Proxy doesn't work on external API #360
Description
Is this a question?
So I've got a question about my setup (yes I've looked on StackOverflow and through the other issues). Currently I've got a react app I bootstrapped with create-react-app. When in development, I use the webpack dev server proxy to proxy my API requests to an external API so I don't get hit with CORS errors. This works great locally, but when I build my site for production, I get hit with the CORS errors again.
(index):1 Access to XMLHttpRequest at 'https://e2esm-sandbox.com/api/now/table/sys_user?sysparm_limit=5&sysparm_query=employee_number=117' (redirected from 'http://localhost:8080/api/now/table/sys_user?sysparm_limit=5&sysparm_query=employee_number=117') from origin 'http://localhost:8080' has been blocked by CORS policy: Response to preflight request doesn't pass access control check: No 'Access-Control-Allow-Origin' header is present on the requested resource.
In production our site is hosted on an Nginx instance, but I'm trying to mimic the webpack proxy behavior to avoid the CORS errors and am trying to use a simple Node.js server with this library.
According to the person who manages the API (not me, someone else in our company), he said that in order to avoid these I need to get it hosted on the same internal domain (website.company.com) which I have, but I still get CORS errors. I talked with someone else on his team and he said I needed to have a server make the requests, not the client (I'm pretty new at this whole web dev thing, I'm just an intern).
I currently have the react site making requests with axios that look like this
axios.get(`/api/now/table/sys_user?sysparm_limit=5&sysparm_query=employee_number=${WWID}`,
headers: {
'Access-Control-Allow-Origin' : '*',
'Access-Control-Allow-Methods' : 'GET,PUT,POST,DELETE,PATCH,OPTIONS',
})and this is how the server.js looks like:
const express = require('express');
const proxy = require('http-proxy-middleware');
const path = require('path');
const app = express();
app.use(
'/api',
proxy({
target: 'http://e2esm-sandbox.com',
changeOrigin: true
})
);
app.use(express.static(path.join(__dirname, '/build')));
app.get('/', (req, res) => {
res.sendFile(path.join(__dirname+'/build/index.html'))
console.log(__dirname+'/build/index.html')
});
app.listen(8080, () => {
console.log('Server is running on localhost:8080')

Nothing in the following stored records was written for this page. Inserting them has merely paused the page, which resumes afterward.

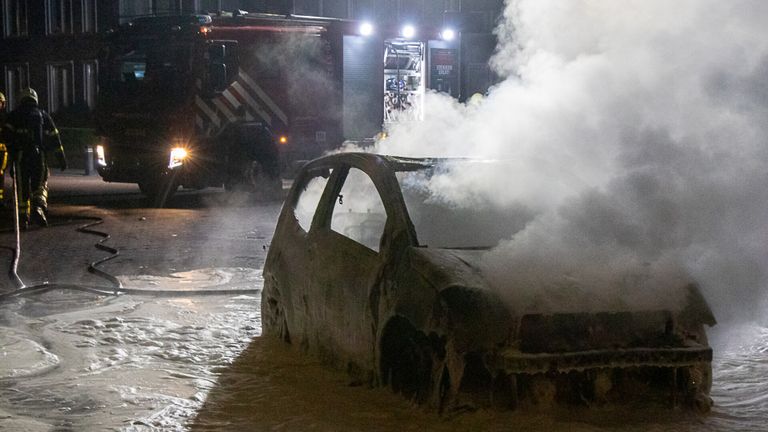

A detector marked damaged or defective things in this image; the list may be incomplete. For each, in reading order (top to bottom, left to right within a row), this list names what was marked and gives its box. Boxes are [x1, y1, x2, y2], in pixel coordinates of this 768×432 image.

burnt-out car [260, 153, 716, 412]
charred car body [260, 153, 716, 412]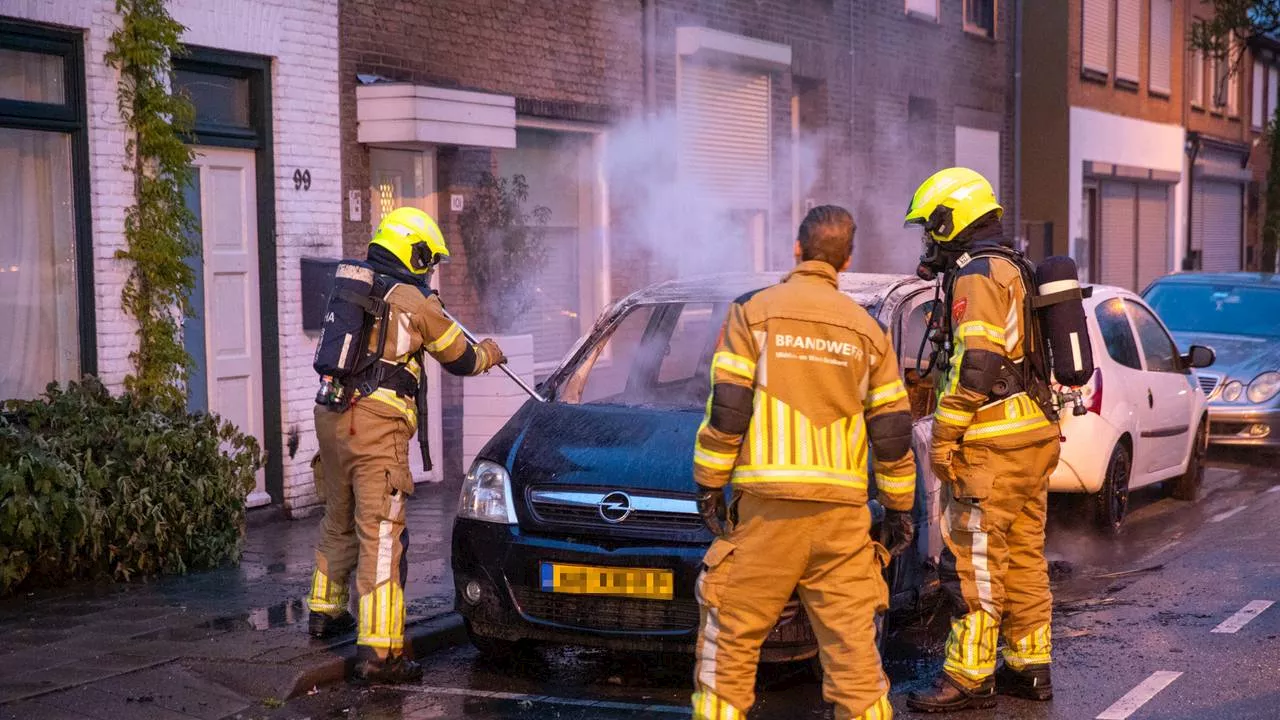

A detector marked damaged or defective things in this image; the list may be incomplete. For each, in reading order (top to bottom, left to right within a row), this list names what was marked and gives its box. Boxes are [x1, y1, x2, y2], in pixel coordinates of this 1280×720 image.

burned black car [450, 270, 942, 661]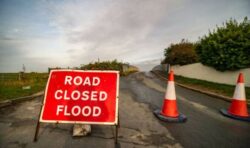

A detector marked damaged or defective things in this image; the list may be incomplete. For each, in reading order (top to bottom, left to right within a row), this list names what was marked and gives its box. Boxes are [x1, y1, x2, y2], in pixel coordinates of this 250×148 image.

cracked road surface [0, 71, 250, 147]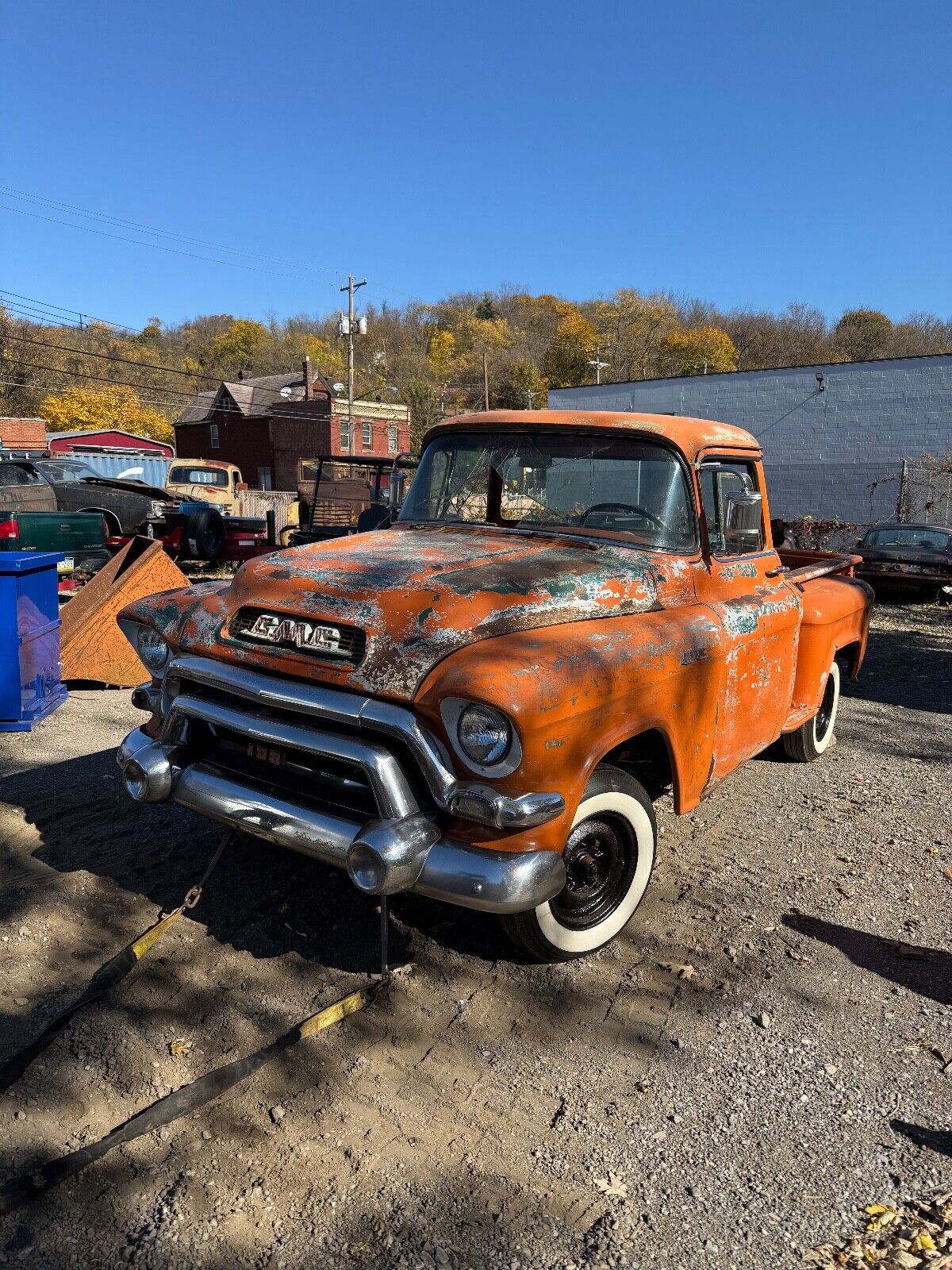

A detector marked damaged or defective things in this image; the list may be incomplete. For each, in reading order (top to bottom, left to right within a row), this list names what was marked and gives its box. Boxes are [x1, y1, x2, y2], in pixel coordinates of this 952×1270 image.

rusty orange hood [127, 528, 675, 706]
old rusty truck [115, 416, 878, 960]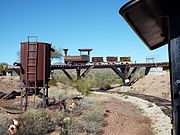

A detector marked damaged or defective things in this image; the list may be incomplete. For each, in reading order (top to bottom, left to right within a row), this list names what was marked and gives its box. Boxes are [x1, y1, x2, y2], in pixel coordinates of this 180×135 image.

rusty metal structure [14, 36, 52, 110]
rusty ore bin [20, 41, 51, 87]
rusty metal structure [63, 48, 93, 65]
rusty metal structure [119, 0, 180, 134]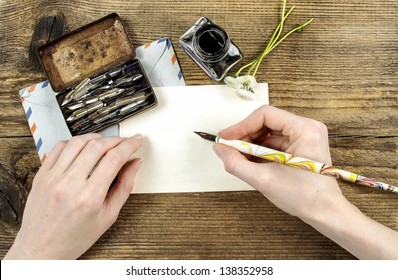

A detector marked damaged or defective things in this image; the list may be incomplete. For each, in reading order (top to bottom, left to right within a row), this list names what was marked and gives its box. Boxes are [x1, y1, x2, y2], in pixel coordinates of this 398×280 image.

rusty metal tin box [37, 13, 157, 136]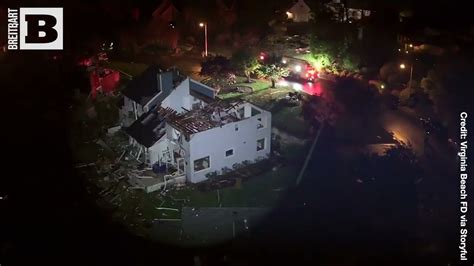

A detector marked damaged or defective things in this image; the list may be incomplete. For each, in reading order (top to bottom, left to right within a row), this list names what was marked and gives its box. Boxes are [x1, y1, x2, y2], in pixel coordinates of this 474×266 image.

damaged house [120, 64, 272, 189]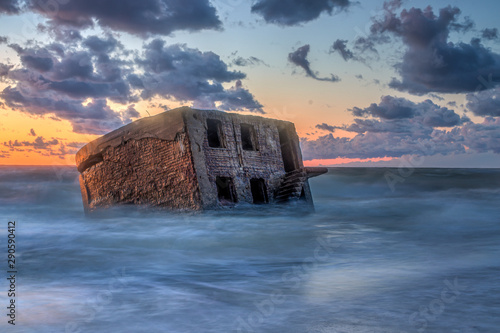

});But whenever I try and make a request through the page, I still get a CORS error.
I'm not sure how I can get my expected behavior of the webpack dev server on my production server.
Steps to reproduce
- create a new react app
- find an external API to use
- make a call to the API through the proxy with the library targeting it in the app such as I have
- build the site to production, run the node server, and attempt to call the endpoint
- see if there are still CORS errors or not
Expected behavior
I expected it to behave such as the webpack-dev-server does with its proxy.
Actual behavior
It doesn't proxy the request and still runs in to CORS errors.
Setup
- http-proxy-middleware: ^0.20.0
- http-proxy-middleware configuration
So the configuration we have in our server.js file looks like this:
const express = require('express');
const proxy = require('http-proxy-middleware');
const path = require('path');
const app = express();
app.use(
'/api',
proxy({
target: 'http://e2esm-sandbox.intel.com',
changeOrigin: true
})
);
app.use(express.static(path.join(__dirname, '/build')));
app.get('/', (req, res) => {
res.sendFile(path.join(__dirname+'/build/index.html'))
console.log(__dirname+'/build/index.html')
});
app.listen(8080, () => {
console.log('Server is running on localhost:3000')
});- server: Express 4.17.1
- other relevant modules react-scripts: ^3.1.1
client info
Windows
target server info
Externally hosted server on the same network, uses the ServiceNow API.